Here's a list of the number of records with NA's for Prey_Kingdom by species:

                  Var1 Freq

American Wigeon 8 Boat-tailed Grackle 5 Brown Teal 1 Common Eider 4 Common Eider (Northern) 1 Common Gallinule 5 Common Shelduck 2 Crested Duck 1 Falkland Steamer-Duck 1 Gadwall 1 Greater Scaup 2 Kelp Goose 5 King Eider 1 New Zealand Scaup 2 Northern Shoveler 3 Red-winged Blackbird 4 Redhead 1 Steller's Eider 2 Tundra Swan (Whistling) 1

@aaronolsen Most of these are Anseriformes, do you have a sense off the top of your head about records in which NA's were assigned to all prey taxonomic levels?

aaronolsen commented 7 years ago

I used the 'taxize' R package to get the NCBI taxonomic levels for each prey item. For a small number of searches it appears that NCBI doesn't provide a kingdom. For example, if you search for the genus 'Colpomenia' (https://www.ncbi.nlm.nih.gov/Taxonomy/Browser/wwwtax.cgi?mode=Info&id=27964&lvl=3&keep=1&srchmode=1&unlock) it skips from "Eukaryota" (superkingdom) to "Phaeophyceae" (phylum) -- at least in the output that's interpreted by taxize. 'Colpomenia' is a prey item I had listed for Kelp Goose. btw, in github do I need to include your handle in every message directed to you so that you get a notification about it? @ahhurlbert

ahhurlbert commented 7 years ago

Ok, that makes sense and we may need to rethink adding a "Domain" or "Superkingdom" level above kingdom to accurately represent the taxonomy of some of these items. I will post another issue.

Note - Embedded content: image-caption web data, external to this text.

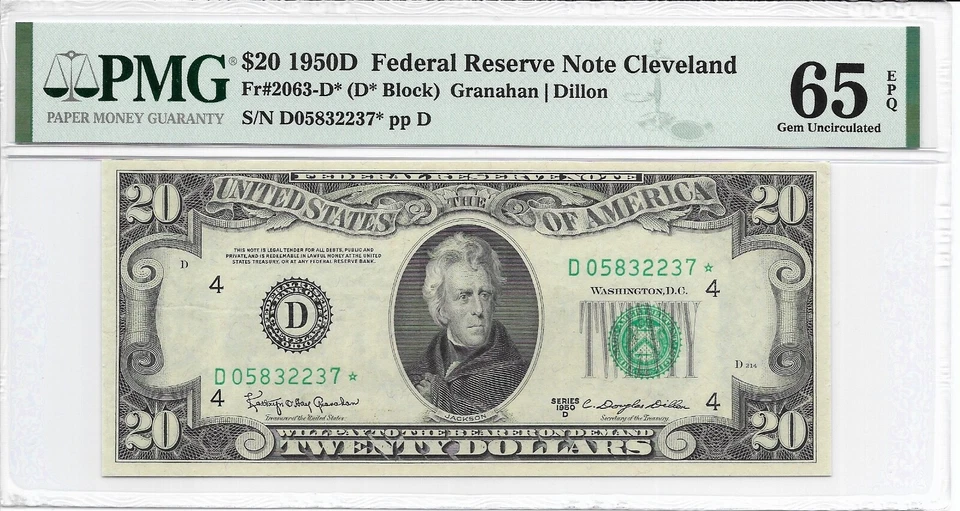 1950D $20 CLEVELAND * ЗВЕЗДА * ⭐️ FRN. Не бывшая в обращении банкнота PMG GEM 65 EPQ. - Изображение 2 из 3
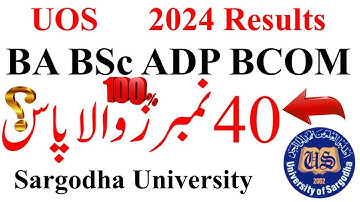 💯💯BA BSc ADP Result 2024 Sargodha University | ADP Result 2024 UOS | Ada Ads Result 2024 Uos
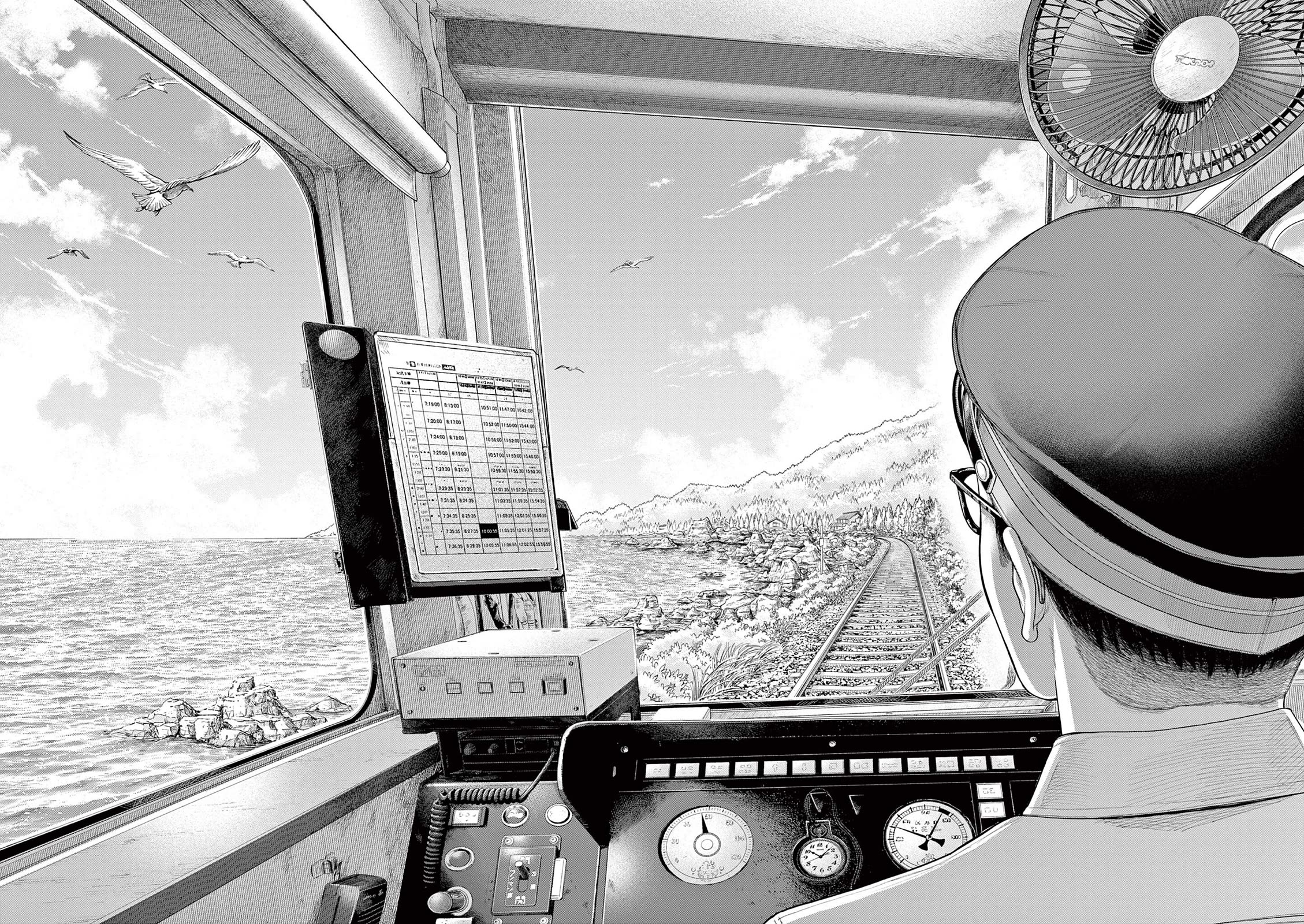 Yumenashi-sensei's Guidance Counseling Chapter 5 page 20 - Chapter 5: Aspiration: Train Engineer Part 3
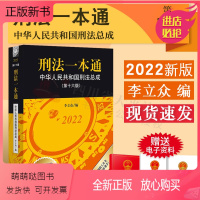 [正版新书] 2023适用 刑法一本通 第十六版第16版 李立众 刑法修正案十一 刑法工具书 2022新中华人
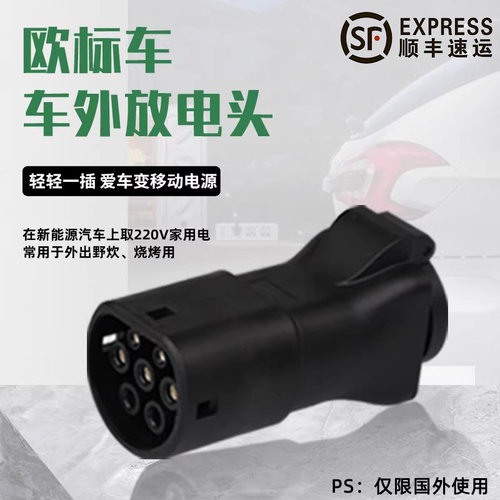 乔亦欧标放电枪插排神器
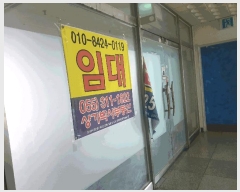  2025Ÿ11490 泲 ؽ  1143-3 ī̺ 3301ȣ     ,繫ǰ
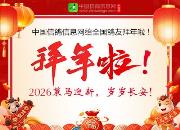 ���������й��Ÿ���Ϣ��ף������������֣�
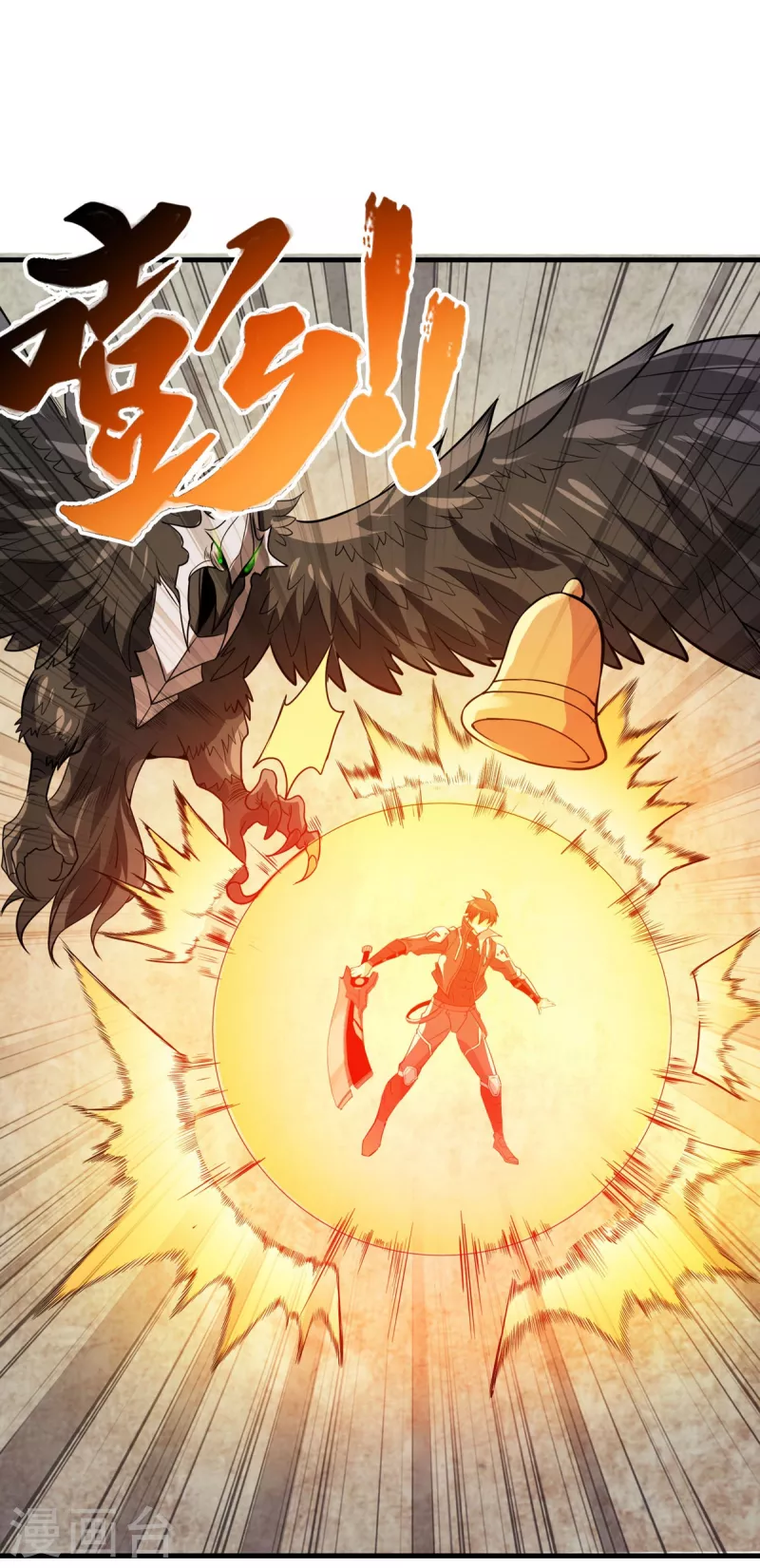 第45话 小师叔的实力 第5页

However, the 'Colpomenia' example is not the source of our errors above because the prey has been classified at lower levels (e.g., with the genus name, but also family, order, etc) so any summary of prey will only error when trying to summarize at the Kingdom level, which will not be a typical use case.

More problematic are records where the prey taxonomy was not specified at ANY level, i.e. everything from Kingdom through Scientific name is all NA as in 3 records of American wigeon from Wishart 1983. For some records, the Prey_Part is listed as 'vegetation' so we can infer plant, but records with NA all the way across? Ideas?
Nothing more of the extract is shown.